Methods. An analysis of 73 patients with hystologically confirmed glioblastoma multiforme (GBM), treated with the “3 step” 90Y-biotin based LR-RIT, is herein reported. All patients had a catheter implanted at 2nd surgery and underwent at least 2 cycles of LR-RIT (range 2-7) with 2 months interval. Thirty-five out of 73 patients were also treated with Temozolomide (TMZ). Two cycles of TMZ (200 mg/m2/day, for 5/28 days) were administered in between each course of LR-RIT. Overall survival (OS) and progression free survival (PFS) were retrospectively calculated.

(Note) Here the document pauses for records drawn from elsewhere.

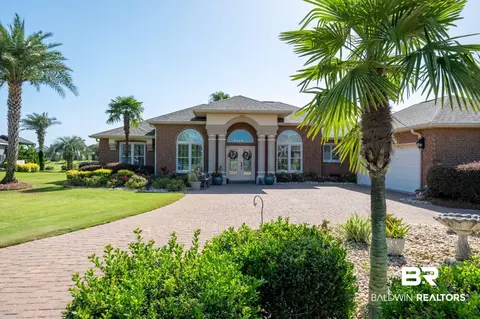 3664 Prestwick Cir, Gulf Shores, AL 36542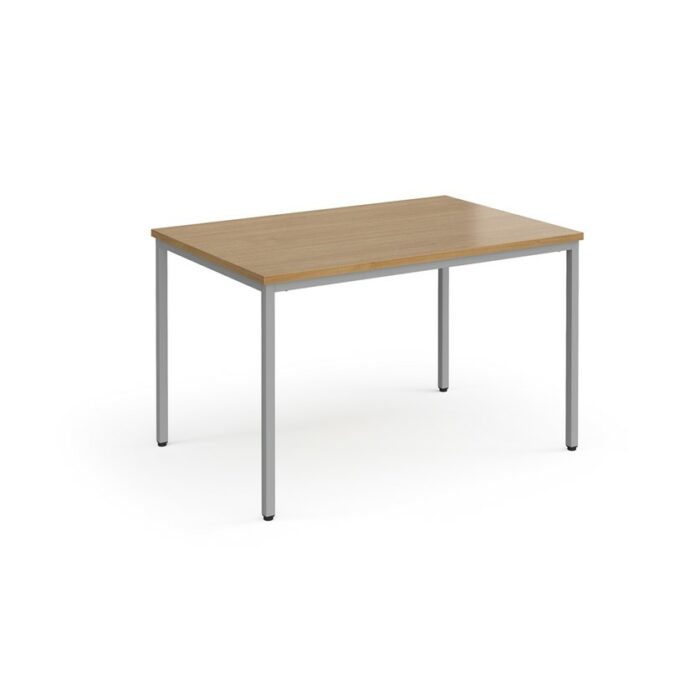 DAMS Flexi 25 rectangular table with 1200mm x 800mm-34563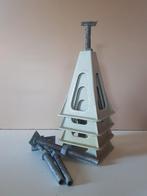 Caravan poten steunen voor onder de caravan, Caravans en Kamperen, Caravan accessoires, Ophalen of Verzenden, Zo goed als nieuw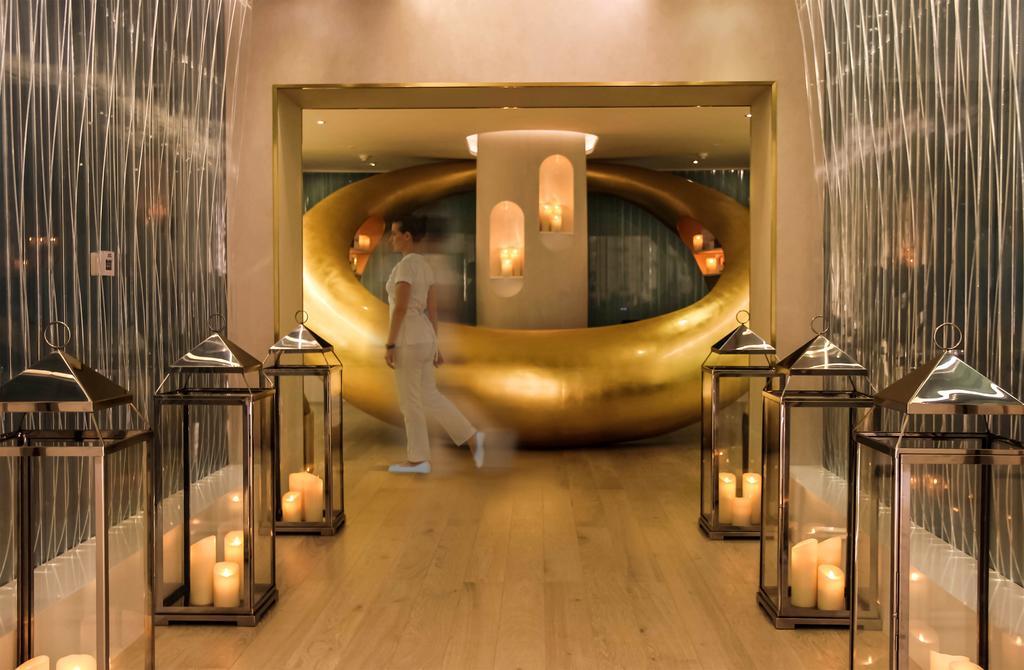 The Domain Bahrain Hotel And Spa - Adults Friendly 16 Years Plus Манама Екстер'єр фото The Spa at The Landmark
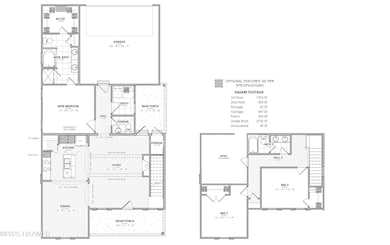 100 Wishing Well Dr, Broussard, LA 70518 - photo 6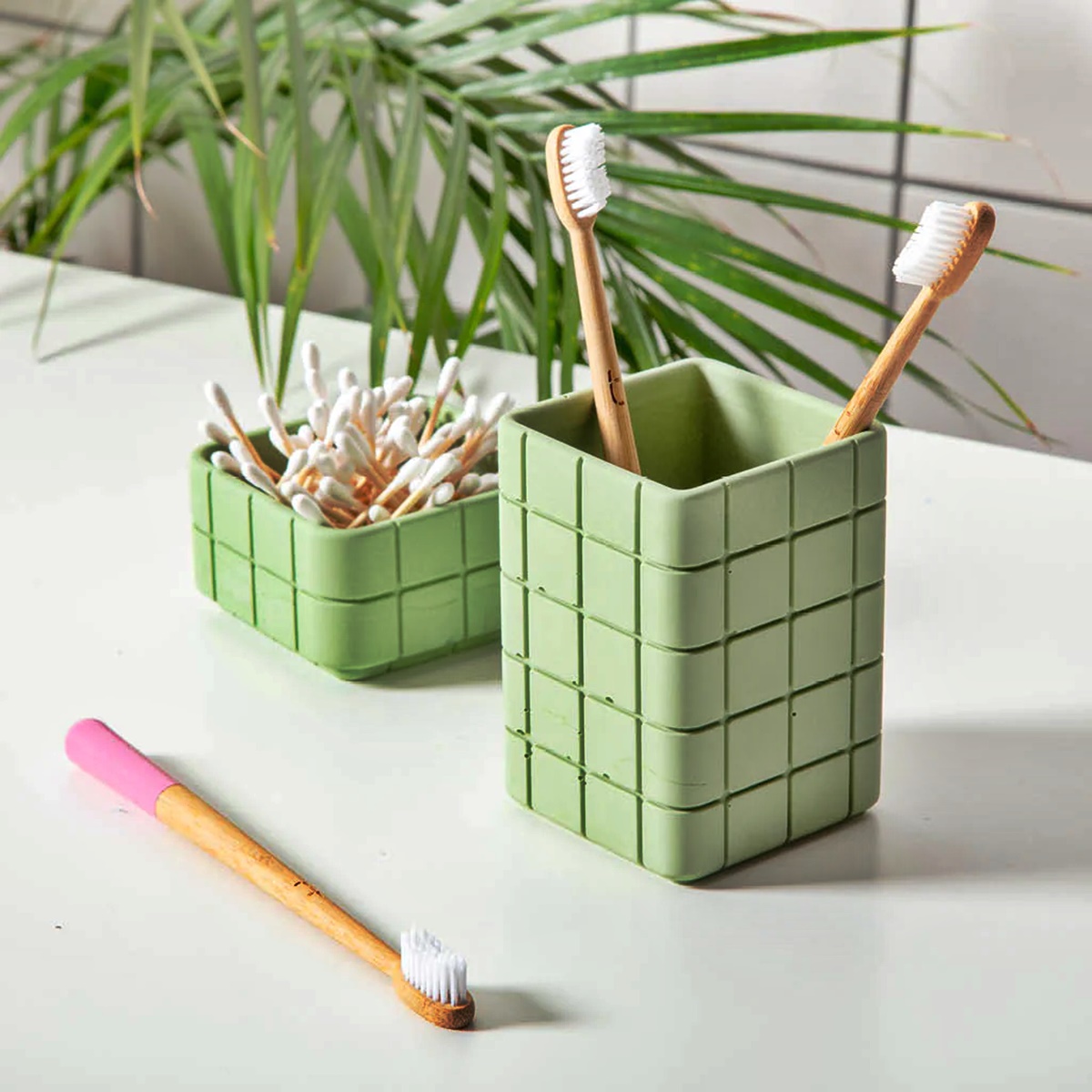 What To Do With A Toothbrush Holder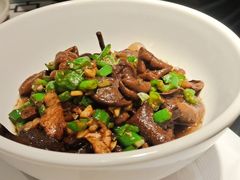 -味上湘菜馆(阿波罗店)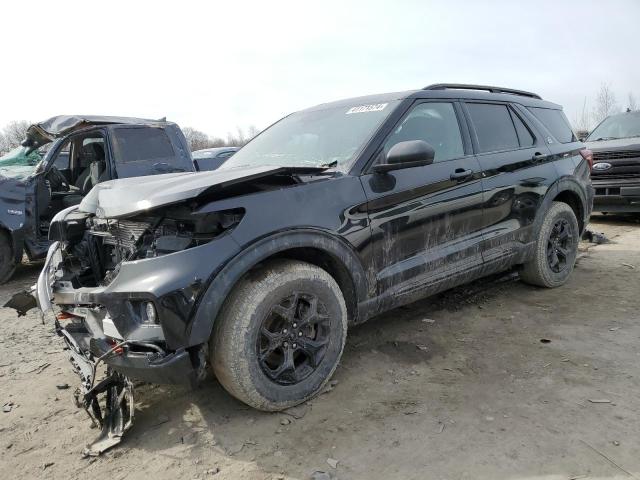 FORD EXPLORER 2021 1fmsk8jh7mgc18435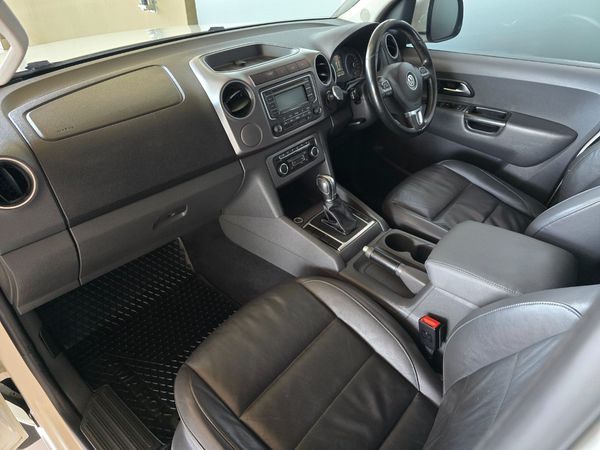 2015-Volkswagen-Amarok-20-BiTDI-Highline-132kW-4Motion-Auto-Double-Cab image:16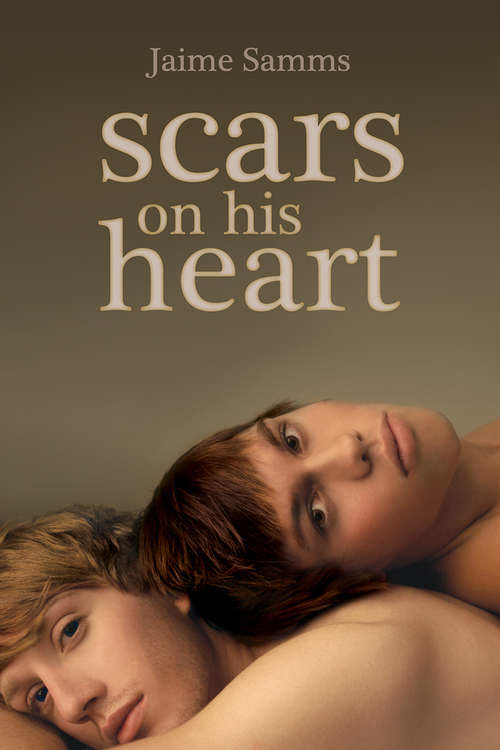 Book cover of Scars on His Heart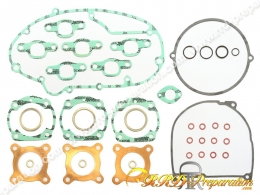 Complete engine gasket kit...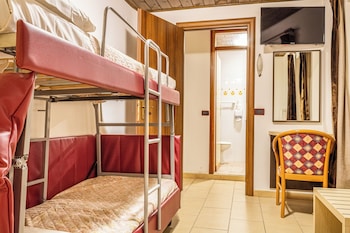 residence orizzonte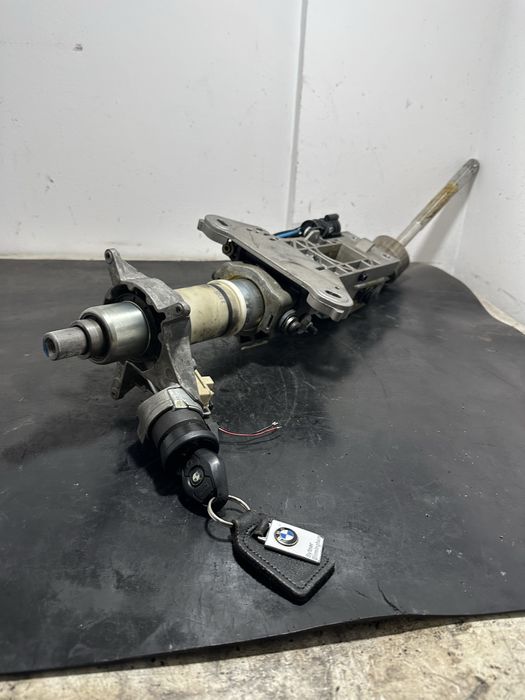 Contact cu cheie diamant  BMW seria 5 E60 E61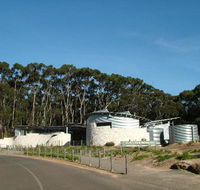 The Chase Cafe - E Caravan Parks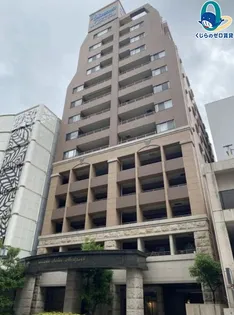 愛知県名古屋市中区栄5丁目【マンション】の外観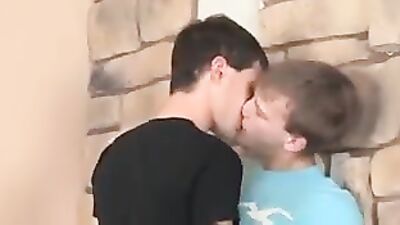 Cabin Fever - An Action Packed Bareback Adventure!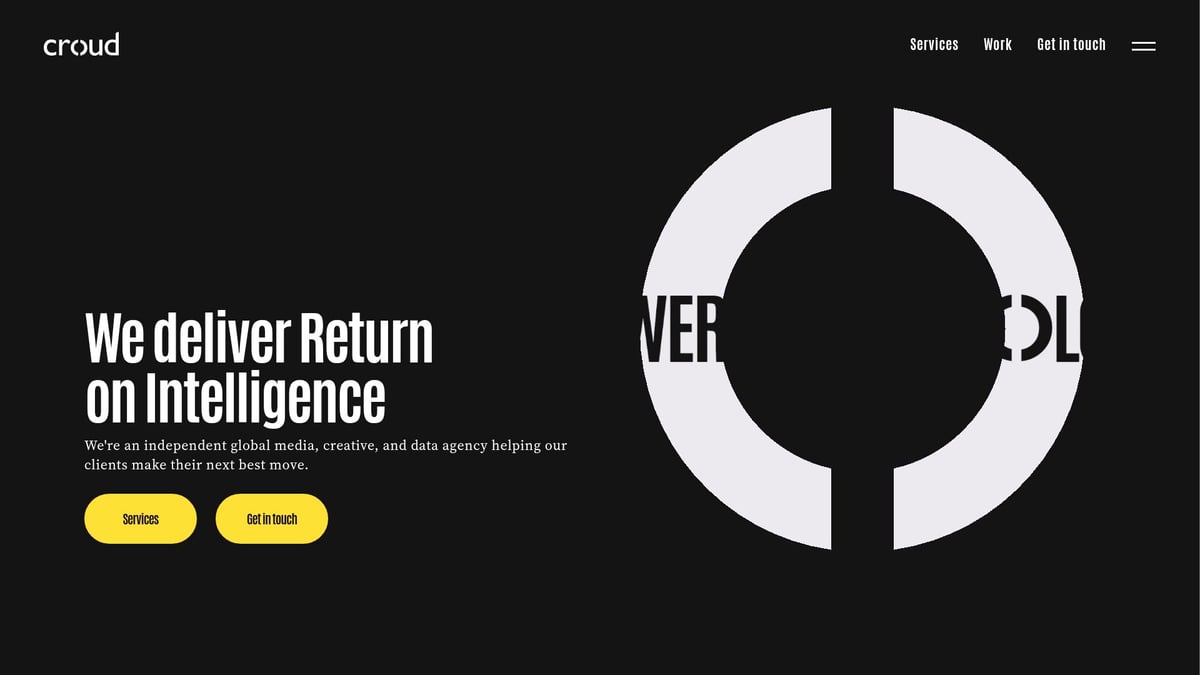 7 Game-Changing Performance Media Agencies to Watch in 2026 - Croud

Results. Stabilization of disease was achieved in 75% of patients, while 25% progressed.
In the 38 patients treated with LR-RIT alone, median OS and PFS were respectively 17.5 months (95%CI=[17-20]) and 5 months (95%CI=[4-8]), while in the 35 treated with the combined treatment (LR-RIT+TMZ) respective values were 25 months (95%CI=[23-30]) and 10 months (95%CI=[9-18] (p<0.01). The addition of TMZ to LR-RIT did not increase neurological toxicity, and no major hematological toxicity was observed.
Conclusion. These results confirm the safety and the efficacy of 90Y LR-RIT in recurrent GBM patients; the addition of TMZ significantly improved the overall outcomes; a further controlled prospective, randomized study is fully justified.